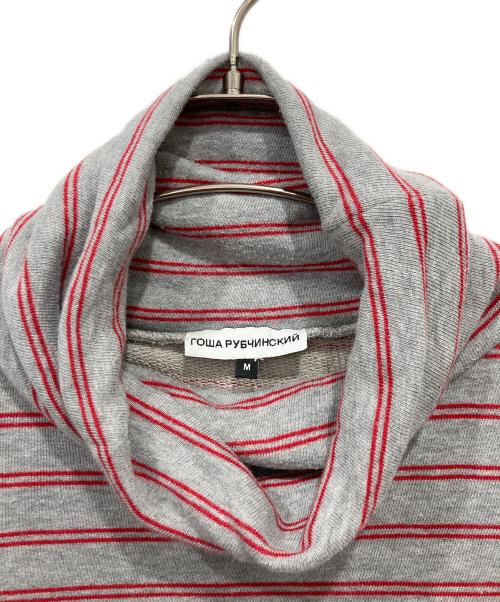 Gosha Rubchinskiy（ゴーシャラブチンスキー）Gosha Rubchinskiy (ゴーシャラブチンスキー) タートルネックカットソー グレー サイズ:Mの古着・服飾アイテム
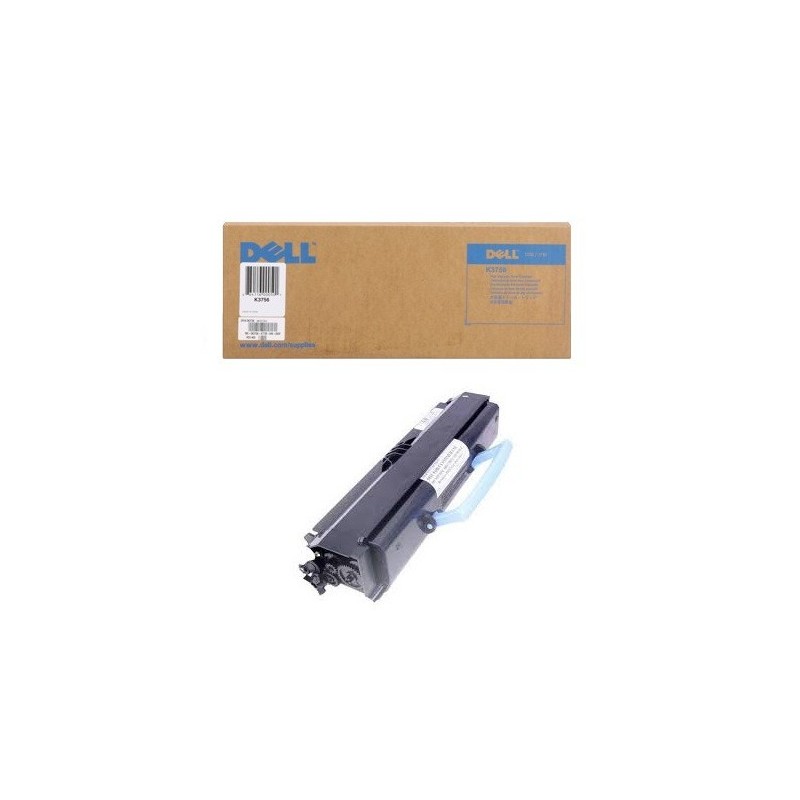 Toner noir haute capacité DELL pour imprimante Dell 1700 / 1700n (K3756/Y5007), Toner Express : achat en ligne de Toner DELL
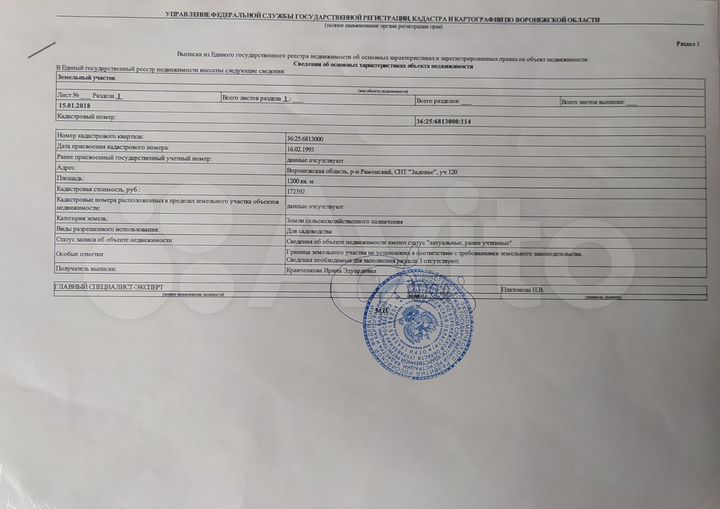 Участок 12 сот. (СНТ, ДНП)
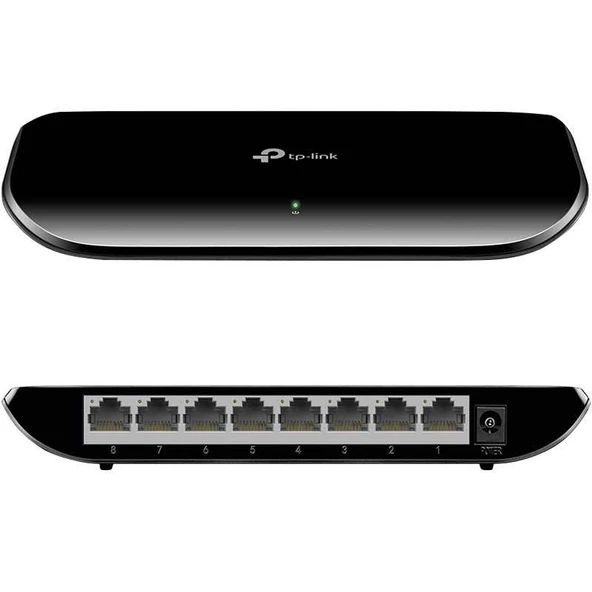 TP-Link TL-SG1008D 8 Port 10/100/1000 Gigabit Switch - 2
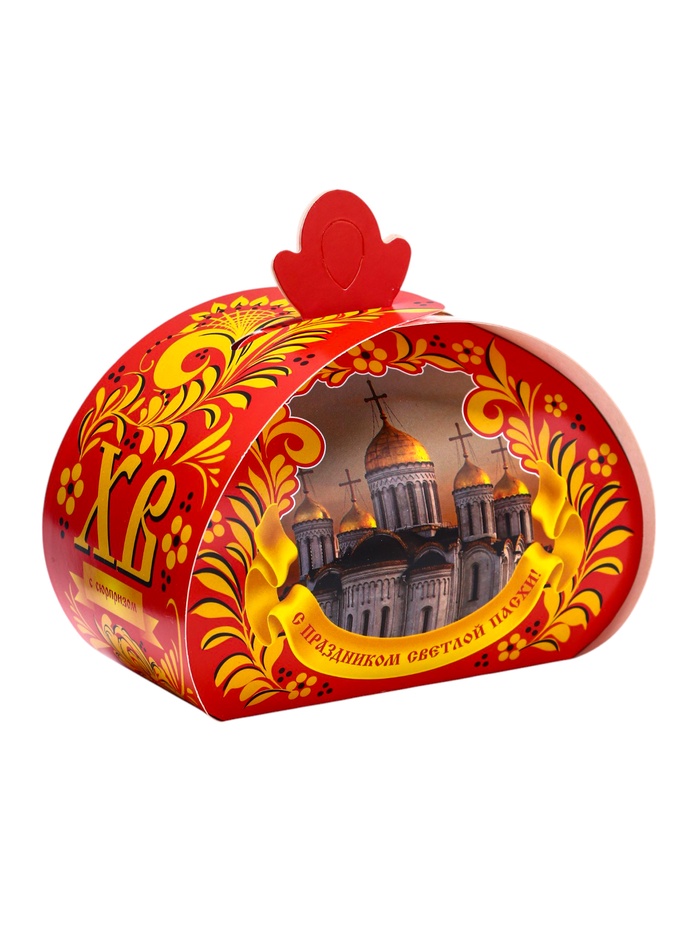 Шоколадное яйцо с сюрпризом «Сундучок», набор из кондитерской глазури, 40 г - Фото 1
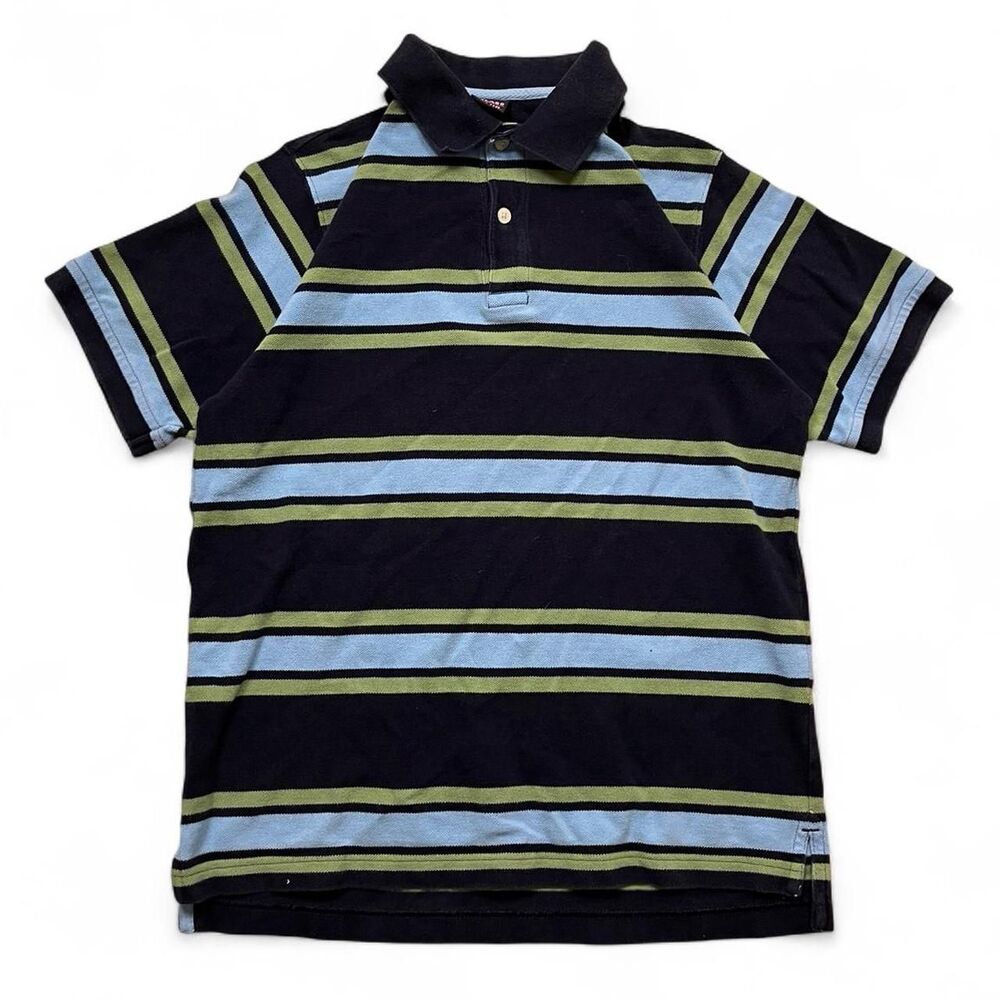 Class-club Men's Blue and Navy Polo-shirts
★ ★ ★
- **Try it**: When you set down the material above, keep every word exact and include no pictures.

- **Reply**:
 Gosha Rubchinskiy（ゴーシャラブチンスキー）Gosha Rubchinskiy (ゴーシャラブチンスキー) タートルネックカットソー グレー サイズ:Mの古着・服飾アイテム
 Toner noir haute capacité DELL pour imprimante Dell 1700 / 1700n (K3756/Y5007), Toner Express : achat en ligne de Toner DELL
 Участок 12 сот. (СНТ, ДНП)
 TP-Link TL-SG1008D 8 Port 10/100/1000 Gigabit Switch - 2
 Шоколадное яйцо с сюрпризом «Сундучок», набор из кондитерской глазури, 40 г - Фото 1
 Class-club Men's Blue and Navy Polo-shirts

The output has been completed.